Kedua, menggali kemungkinan-kemungkinan pembaharuan penanda atau petanda melalui pintu ijtihad, untuk hal-hal yang belum ditegaskan secara eksplisit (dalam al-Qur'an dan Sunnah), serta terbuka bagi interpretasi (terlebih masalah-masalah muamalah) dengan menggunakan model significance, sejauh tetap menguji kompatibilitasnya dengan kode-kode yang lebih tinggi. Istilah ini semakna dengan zhaniy al-dilalah, yaitu sebuah kata yang memiliki kemungkinan-kemungkinan makna lain (interpretatif), atau kata yang memiliki ruang dan wilayah untuk melakukan ijtihad dalam rangka mencari pemahaman baru.
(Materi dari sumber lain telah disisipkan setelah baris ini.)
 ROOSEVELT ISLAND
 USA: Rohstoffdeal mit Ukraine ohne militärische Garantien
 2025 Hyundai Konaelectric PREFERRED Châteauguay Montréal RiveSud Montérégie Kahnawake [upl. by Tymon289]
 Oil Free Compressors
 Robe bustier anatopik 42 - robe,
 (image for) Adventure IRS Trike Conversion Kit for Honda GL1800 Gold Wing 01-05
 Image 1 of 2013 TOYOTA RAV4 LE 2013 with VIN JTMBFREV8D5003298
Misalnya, Islam menganjurkan kepada pemeluknya untuk berpakain dengan menutup aurat. Pakaian di dalam Islam sebagai satu tanda yang harus bersandar pada sistem tanda pada tingkat ideologis, berlandaskan konvensi dan kode tertinggi (untuk kesopanan dan kepatuhan), dan ini harus tercermin pada pertandaan. Akan tetapi, proses penafsiran pakaian sebagai satu sistem bahasa pada tingkat yang lebih rendah, misalnya dikaitkan dengan konteks musim, tren, mode, atau dikaitkan dengan budaya dan kultur setempat maka dapat dilakukan melalui proses dekonstruksi secara bebas dari makna yang konvensional, melalui permainan dekonstruksi dan significance bentuk, warna, motif, corak yang kreatif selama ia tidak bertentangan dengan kode ideologis. Di sini pertandaan bisa bersifat sewenang-wenang. Jadi, interpretasi terhadap “pakaian” sebagai tanda akan menemukan referensi yang beraneka sesuai dengan perkembangan budaya.
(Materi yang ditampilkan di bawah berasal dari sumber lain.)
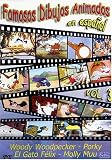 Famosos Dibujos Animados en Espanol, Vol. 3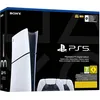 Bild von Sony PlayStation 5 Slim Konsole - Digital Version + 2 PS5 DualSense  Wireless Controller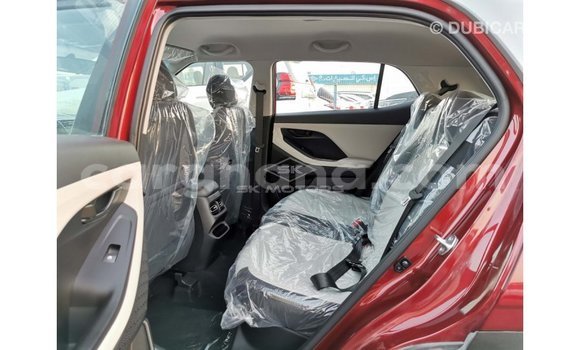 Sayi Imported Hyundai Creta Red Mota in Import - Dubai a Ashanti Sayi Imported Hyundai Creta Red Mota in Import - Dubai a Ashanti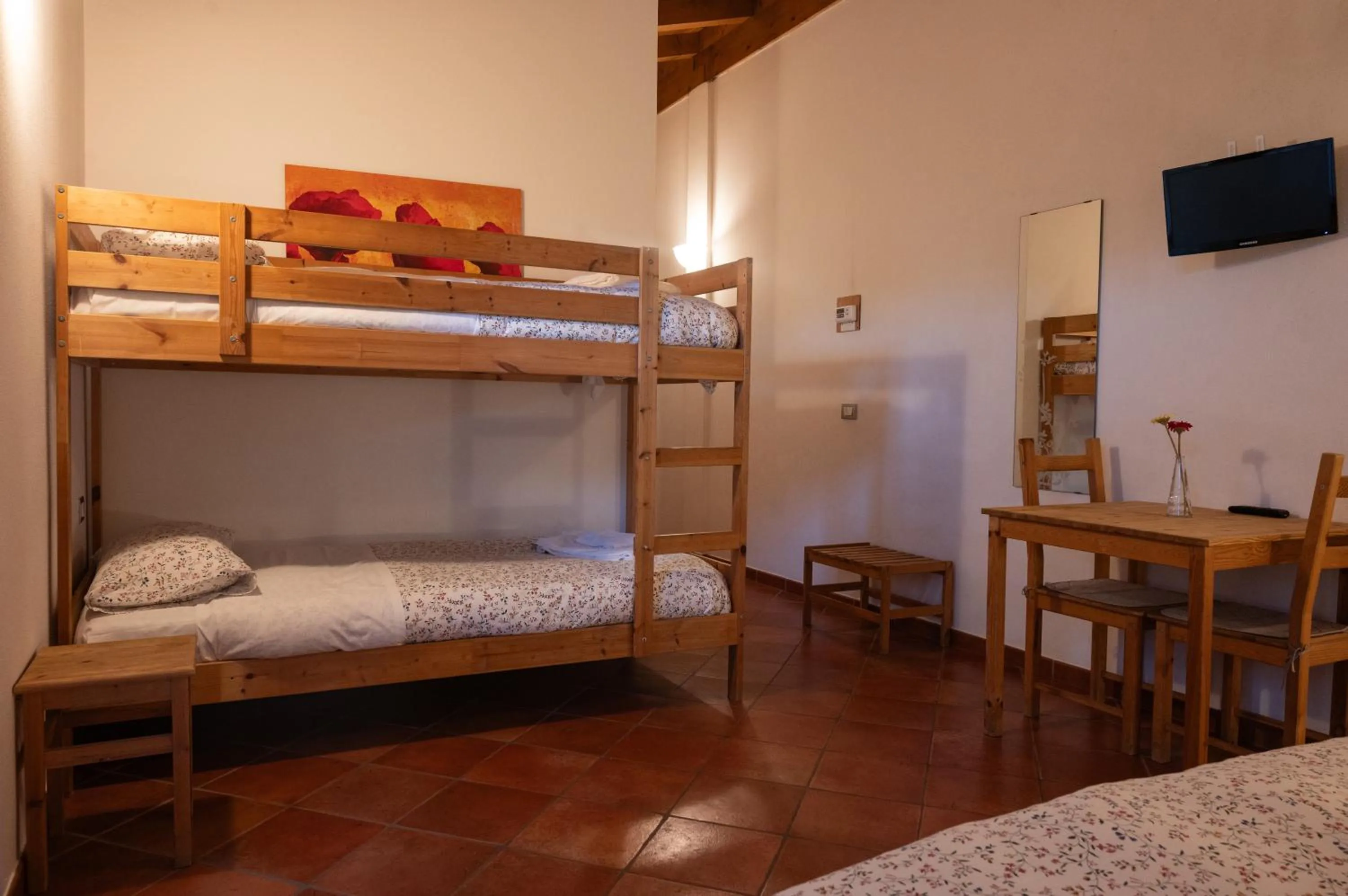 Bed in Agri Village Pavia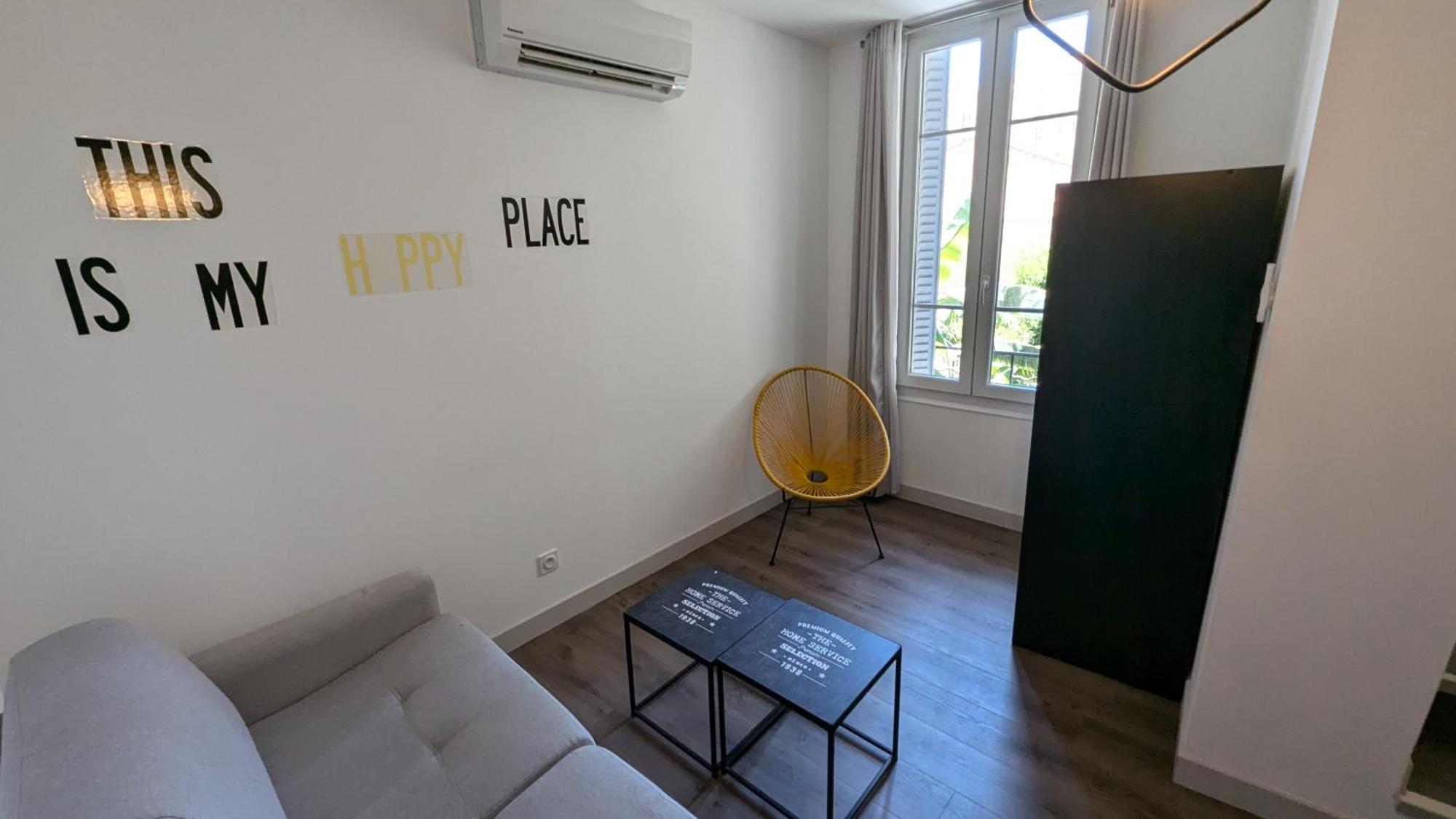 Appartement Les Trois Mai à Cannes Extérieur photo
Dilihat dari sudut pandang semiotika, sebagian besar syari'ah atau perintah Tuhan mengandung konvensi atau kode-kode, serta seperangkat tanda dan cara pengungkapan tertentu. Namun, konvensi tersebut dihasilkan berdasarkan penafsiran sesuai dengan budaya dan kultur setempat. Dalam Islam ada tiga sumber hukum, yaitu al-Qur'an, Sunnah dan ijtihad. Jika dari sumber pertama tanda belum memperlihatkan kode dan makna yang eksplisit, maka makna dan kode tersebut harus dicari pada Sunnah Nabi. Dan jika tidak ditemukan pada keduanya, maka makna dan kode bisa dilakukan dengan berijtihad (sesuai dengan Hadis Mu'adz bin Jabal), yaitu dengan melakukan pembongkaran dan dekonstruksi guna menemukan kode-kode tertentu sesuai dengan budaya yang ada demi kemaslahatan hidup manusia. Namun yang perlu diingat, bahwa ijtihad di sini sangat bergantung pada seperangkat tanda tak eksplisit dari al-Qur'an dan Sunnah Nabi, sehingga hasil penafsiran dan pemahaman tersebut tidak menerobos dan menundukkan kedudukan pesan dan makna yang bersifat transenden dan ideologis.